_Required work_. Of the entries below, return exactly those lines that fall between the one containing "欢迎咨询【泽信】全封闭移动档案架" and the one containing "موعد مباراة بلجيكا", the two end lines included.

_Source material_.
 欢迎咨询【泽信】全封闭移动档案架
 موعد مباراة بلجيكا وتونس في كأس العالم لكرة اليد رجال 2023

...

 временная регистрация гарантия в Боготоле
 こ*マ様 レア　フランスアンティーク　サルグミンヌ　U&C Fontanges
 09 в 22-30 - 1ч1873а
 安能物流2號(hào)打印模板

_Problem solution_.
 欢迎咨询【泽信】全封闭移动档案架
 موعد مباراة بلجيكا وتونس في كأس العالم لكرة اليد رجال 2023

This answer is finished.